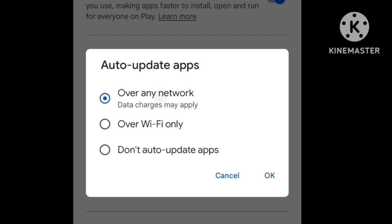If you have mobile data, you will be able to update over any network or Wi-Fi. If you select Wi-Fi only, updates will happen over Wi-Fi only. If you enable auto-update, apps will update automatically. If you don't have auto-update enabled, you can manually update the apps.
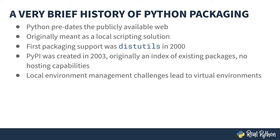As package management advanced and multiple versions of Python and libraries started kicking around the same machine, a problem occurred. Library and version conflicts. Thus was born virtual environments. I'll come back to that in a bit.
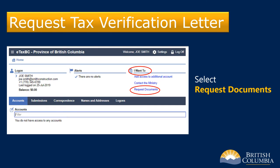Under the I Want To heading, select Request Documents to start. The system will take you through screen by screen to gather the necessary information.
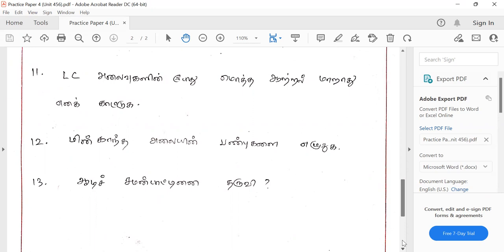If you are trying to understand the first question, please mark the question. You can do it in 3 weeks. You will see it in 3 weeks. You will see that it will be done in 3 weeks. If you are trying to practice, you will find it in 3 weeks. You will see how hard you can do it.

» What you are asked to do
Pictures stay out; retype only the lines from the line containing "Under the I" through the end of the listing, inclusive, exactly as they appear.

» Response box
Under the I Want To heading, select Request Documents to start. The system will take you through screen by screen to gather the necessary information.
If you are trying to understand the first question, please mark the question. You can do it in 3 weeks. You will see it in 3 weeks. You will see that it will be done in 3 weeks. If you are trying to practice, you will find it in 3 weeks. You will see how hard you can do it.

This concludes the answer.